Surfactant-templated organic functionalized mesoporous silica with phosphino ligands

Ordered organic functionalized mesoporous silica containing covalently bonded diphenylphosphinoethyl ligands was synthesized using a surfactant-templating approach. Briefly, hydrolysis and condensation reactions of tetraethyl orthosilicate (TEOS) and 2-(diphenylphosphino)ethyl triethoxysilane (PPETS) in an acidic condition produced phosphino-ligand containing organosilicate species. Subsequent co-assembly of the organosilicate species with surfactants led to the formation of ordered organic/inorganic nanocomposites. Selective surfactant removal by controlled thermal decomposition created organic functionalized mesoporous silica with diphenylphosphinoethyl ligands covalently bonded to the silica framework. Pore structures and pore sizes of the functionalized mesoporous silica were controlled by using different surfactants such as P123, F127, Brij-58, and CTAB. It was found that the added organosilane may significantly affect the mesostructure possibly through participating in the cooperative assembly process. These organic functionalized mesoporous silicas were bonded with palladium ions, resulting in the formation of catalytically active organometallic complexes that show excellent activities in both Heck and epoxides allylation reactions.
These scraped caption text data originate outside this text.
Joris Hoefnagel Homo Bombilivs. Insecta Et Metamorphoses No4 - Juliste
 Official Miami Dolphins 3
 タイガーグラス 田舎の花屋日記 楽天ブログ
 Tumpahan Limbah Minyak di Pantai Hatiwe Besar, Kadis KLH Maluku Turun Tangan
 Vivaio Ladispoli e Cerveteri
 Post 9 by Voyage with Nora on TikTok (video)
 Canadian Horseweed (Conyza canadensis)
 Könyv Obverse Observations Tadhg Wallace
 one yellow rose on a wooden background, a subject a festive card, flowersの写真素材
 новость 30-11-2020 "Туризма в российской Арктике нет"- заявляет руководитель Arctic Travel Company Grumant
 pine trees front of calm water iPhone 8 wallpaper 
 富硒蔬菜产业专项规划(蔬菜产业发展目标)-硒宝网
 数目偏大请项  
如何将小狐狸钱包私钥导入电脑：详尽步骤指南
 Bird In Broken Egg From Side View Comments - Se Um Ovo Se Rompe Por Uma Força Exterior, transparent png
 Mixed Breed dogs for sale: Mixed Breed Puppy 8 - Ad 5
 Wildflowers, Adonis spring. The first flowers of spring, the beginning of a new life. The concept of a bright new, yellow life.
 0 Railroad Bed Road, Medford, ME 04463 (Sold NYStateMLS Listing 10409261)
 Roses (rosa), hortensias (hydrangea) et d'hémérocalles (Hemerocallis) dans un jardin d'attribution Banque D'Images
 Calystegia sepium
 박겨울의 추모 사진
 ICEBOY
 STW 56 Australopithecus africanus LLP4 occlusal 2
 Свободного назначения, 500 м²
Compared with the conventional homogeneous catalysts, these heterogeneous organometallic complexes can be readily separated from the reaction systems and reused without deteriorating their catalytic activities. This study provides a direct synthesis approach to efficiently synthesize a large variety of organic functionalized mesoporous silica with controlled pore sizes, pore surface chemistry, and pore structure for heterogeneous catalysts and other applications.